Would you transcribe the entries below, beginning at the line with "Ялинкові іграшки ." and ending after the line with "original Lampu belakang mio J / mio gt", exactly, with no picture and nothing more?

# DATA TO EXAMINE
□ □ □ □

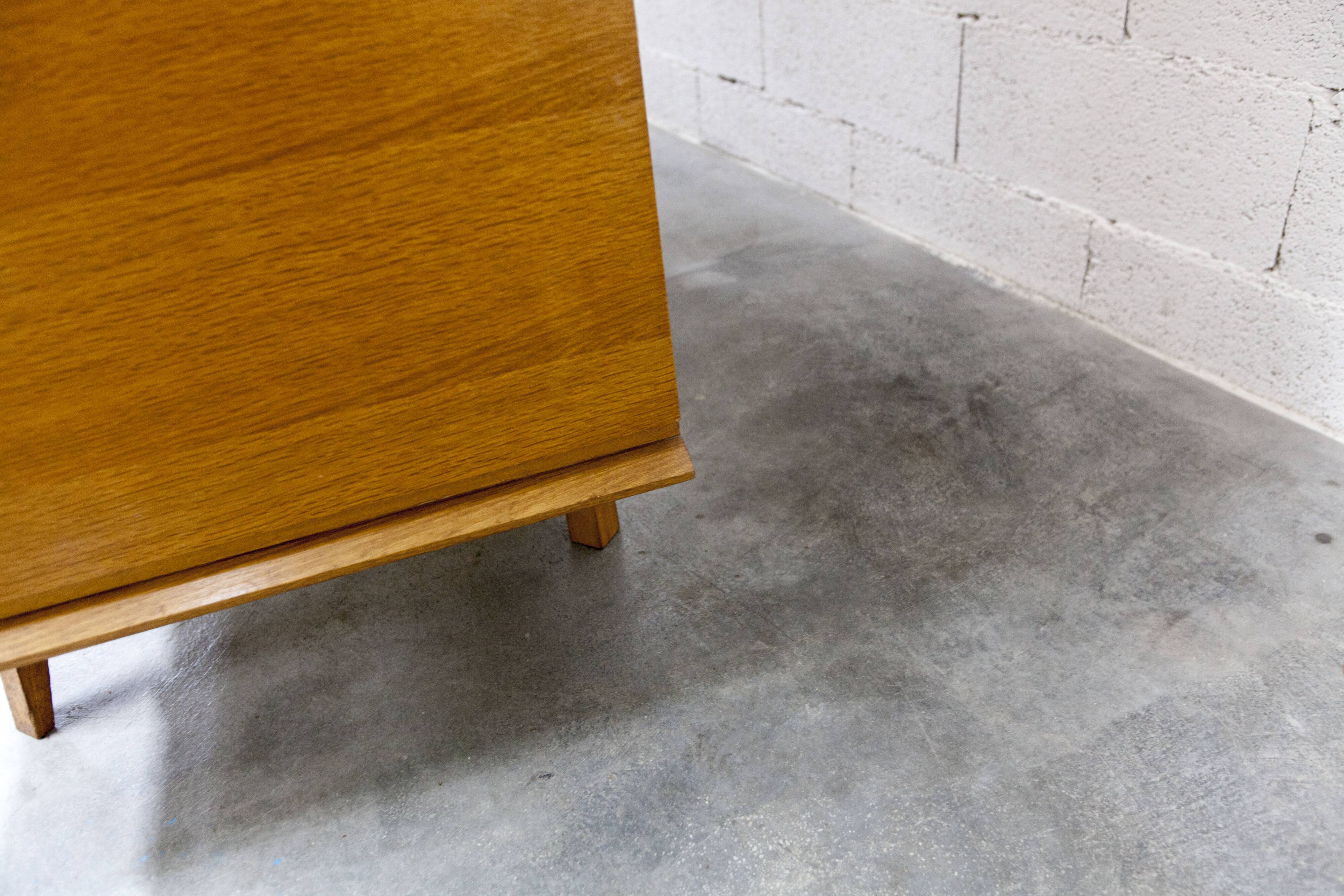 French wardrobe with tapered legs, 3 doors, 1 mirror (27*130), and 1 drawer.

□ □ □ □

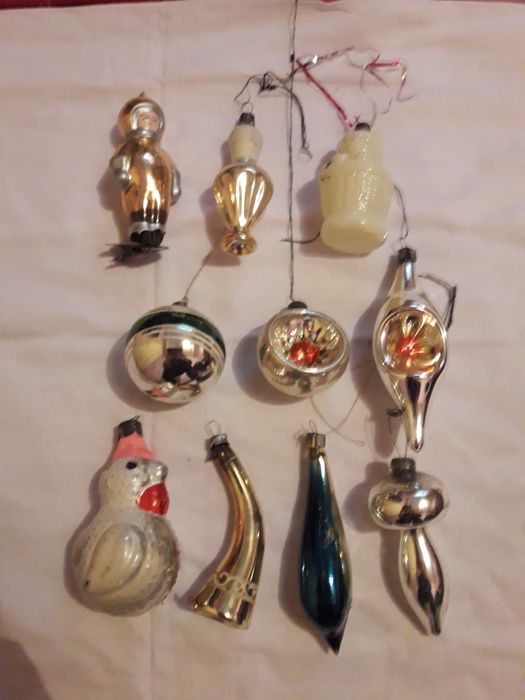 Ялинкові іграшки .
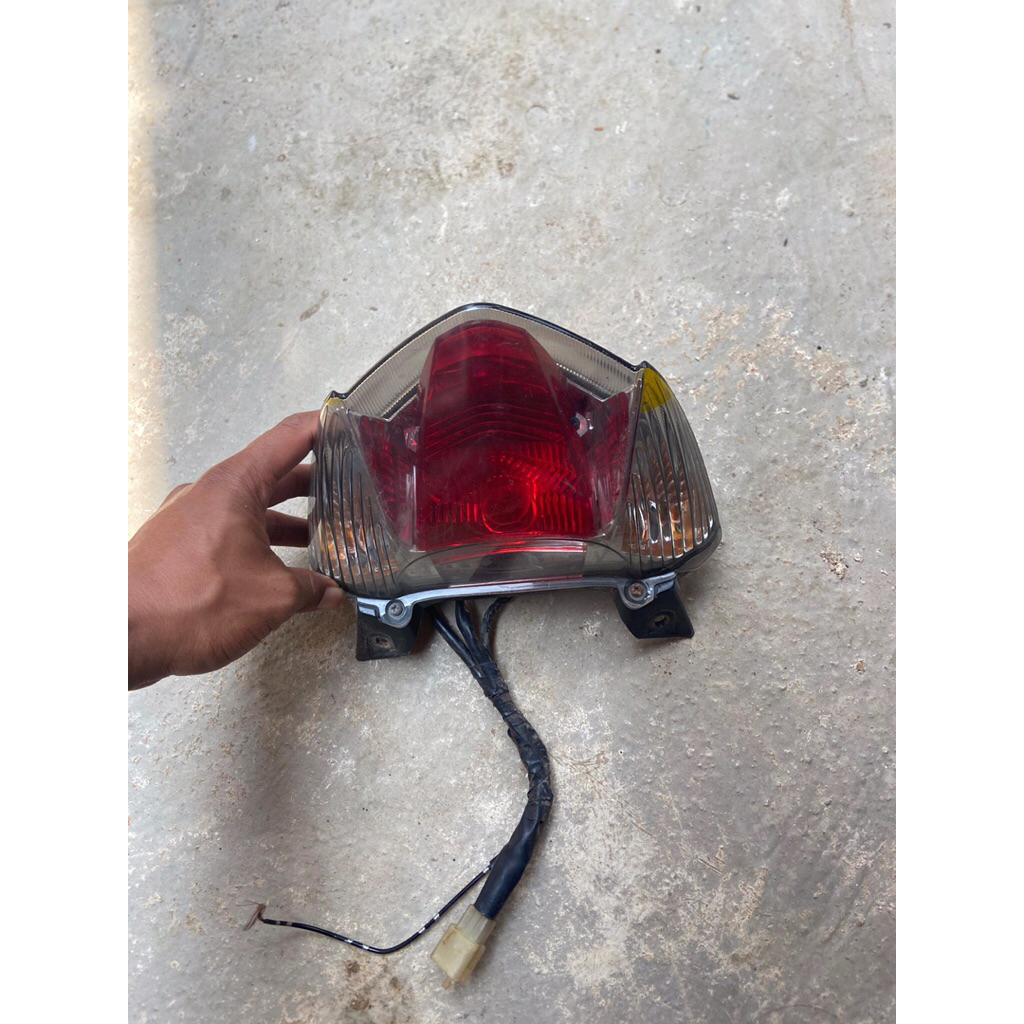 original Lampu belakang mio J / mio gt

□ □ □ □

# TASK SOLUTION
 Ялинкові іграшки .
 original Lampu belakang mio J / mio gt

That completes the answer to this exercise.